VIX plunge, options volume, steepening yield curve, oil’s recovery

VIX plunge

Last week I looked at the possibility of a VIX spike. VIX is now falling quickly after a sharp spike:

When VIX fell more than -30% over a 3 day historical period, the S&P 500 was almost always higher 6-12 months later, although this could first lead to more short term volatility in the stock market:

Options

Last week’s volatility wrung a little bit of the speculative juices out of the market. A 1 month average of IWM (Russell 2000 ETF) calls – puts volume has fallen to the lowest level in a decade: even lower than during the March 2020 stock market crash.

Over the past 10 years this was a bullish factor for the Russell 2000 over the next 3 months:

And it was a bullish factor for the S&P 500:

Steepening yield curve

The yield curve is steepening after inverting in 2019. Commodities around the world are trending higher on a global re-flation theme.

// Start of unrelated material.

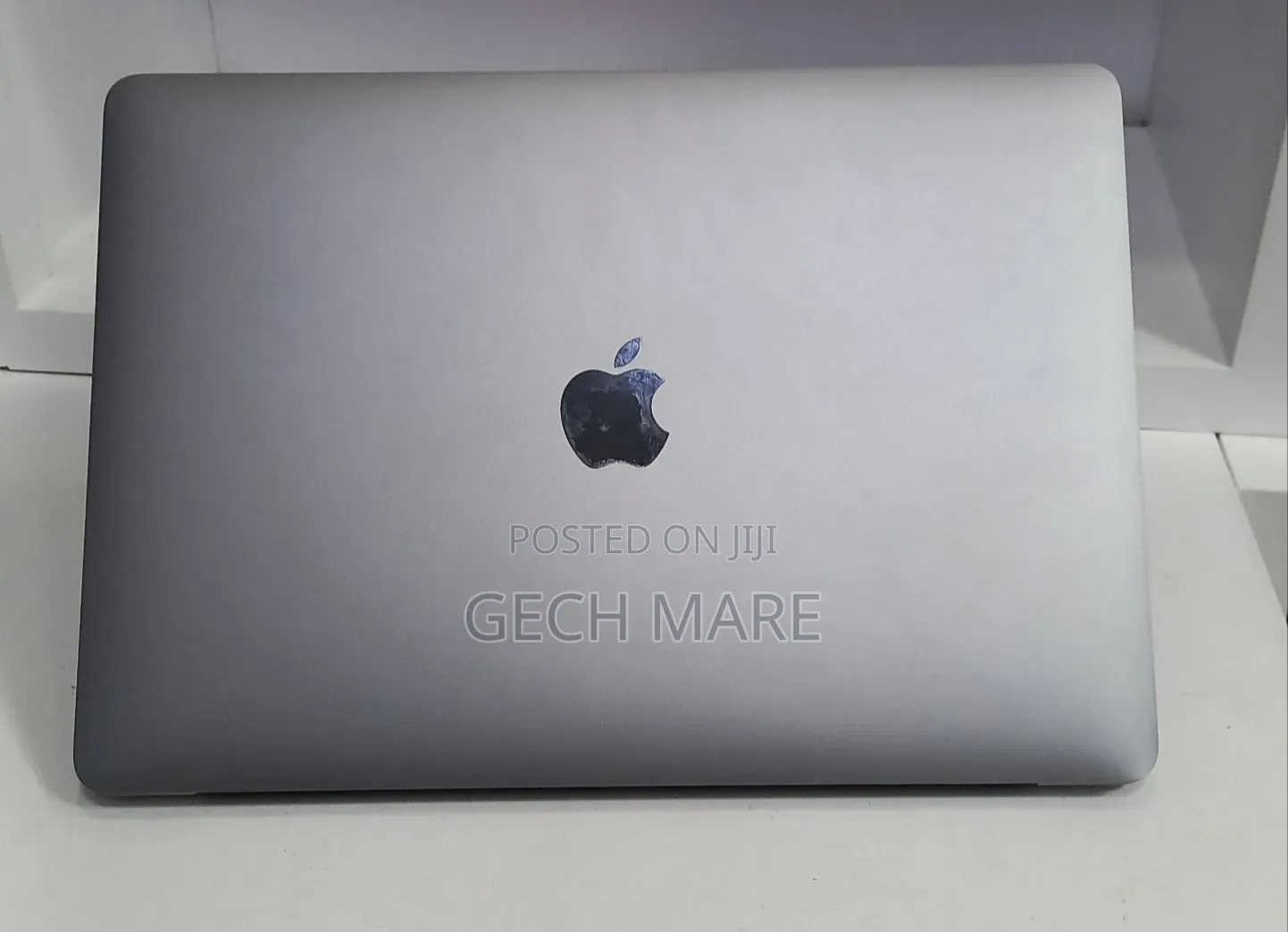 New Laptop Apple MacBook Pro 2021 M1 8GB Apple M1 Pro SSD 256GB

Historically, a steepening yield curve after a yield curve inversion was bullish for gold over the next 6 months:

Oil’s recovery

Oil has broken above its 200 week moving average for the first time since last March’s plunge:

When oil broke above such key long term resistance in the past, it usually pushed a little higher over the next month:

Conclusion

  1. Short term trend followers should continue to ride the bull trend because no one knows exactly when it will end.
  2. Medium term traders should go neither long nor short.
  3. Long term investors should be highly defensive right now. This speculative bull market may last another 6 months or even 9 months, but in 2 years time, long term investors will be glad they did not buy today.